BigQuery Graph, BigQuery Conversational Analytics, and the BigQuery Agent Analytics SDK are currently in Preview on Google Cloud. The BigQuery Agent Analytics Plugin is Generally Available (GA). Examples in this codelab use synthetic data.

As autonomous AI agents take on more operational responsibilities (evaluating loan applications, managing marketing budgets, approving access requests), organizations must be able to audit and explain their decisions. Reconstructing the exact context, alternatives considered, and final rationale of an agent's decision is essential for compliance, risk management, and operational trust.

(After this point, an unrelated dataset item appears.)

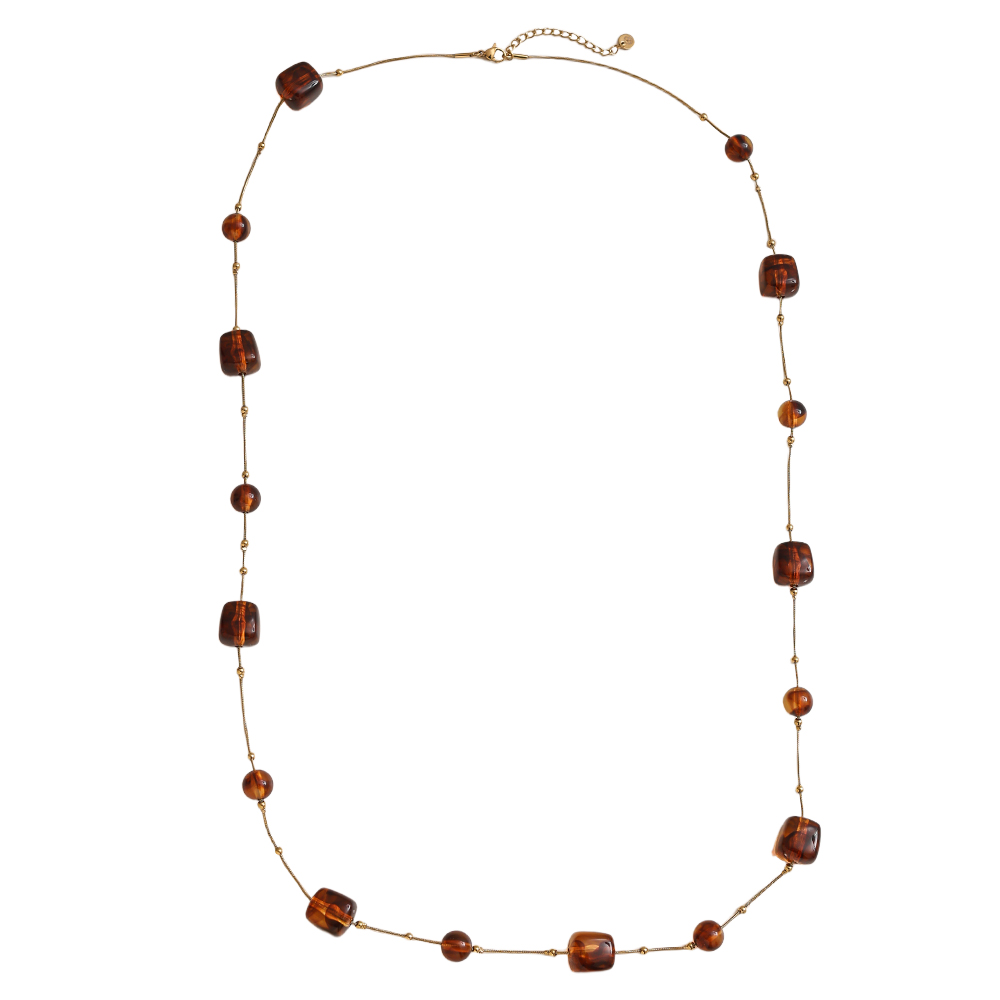 90cm Harzwürfel und Perlchen Edelstahl Halskette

This codelab uses the BigQuery Agent Analytics SDK to transform raw agent event logs into an Agent Context Graph — a queryable graph in BigQuery Graph of agent decisions — on a schedule, without any external graph database or ETL pipeline.

Key terms

  • Agent Decision Trace — the decision-level evidence pulled from an agent's own runs: the options it weighed, the data it touched, and the outcome it committed.
  • Agent Context Graph — the typed, queryable graph in BigQuery Graph that those traces are materialized into. It is the agent-scoped instance of the industry context graph concept (the durable, time-linked layer of decision context that agents both produce and consume); the "Agent" qualifier scopes it to your own agents' runs rather than an enterprise-wide context layer.

In this codelab, bqaa context-graph extracts the agent's decision traces from your agent_events and materializes them into an Agent Context Graph you can query with GQL — following the industry pattern where context graphs are built from decision traces.

Agent Context Graph workflow: an ADK agent’s events flow through the BigQuery Agent Analytics Plugin into the agent_events table, bqaa context-graph extracts the agent’s decision traces into a structured Agent Context Graph, and you query it with GQL and Conversational Analytics

What you'll build

  • An Agent Context Graph (with BigQuery Graph) that models a generic agent decision flow: a request comes in, the agent weighs options, an outcome is committed.
  • A populated agent_events table with a synthetic event corpus.
  • A working bqaa context-graph run that fills the graph from those events.
  • An audit-style GQL query that traces a single decision end-to-end.

What you'll learn

  • How the BigQuery Agent Analytics Plugin writes to agent_events.
  • How a context graph is defined by just two declarative artifacts — a table DDL and a CREATE PROPERTY GRAPH schema.
  • How to run bqaa context-graph against a BigQuery Graph.
  • How to query a graph using GQL.
  • The production-grade capabilities the SDK supports for enterprise deployments.

What you'll need

  • A Google Cloud project with billing enabled.
  • Owner or Editor role on that project. You will create a BigQuery dataset and grant IAM.
  • The gcloud CLI installed and authenticated, or access to Cloud Shell.
  • Python 3.10 or newer.
  • Familiarity with BigQuery SQL. GQL knowledge is not required.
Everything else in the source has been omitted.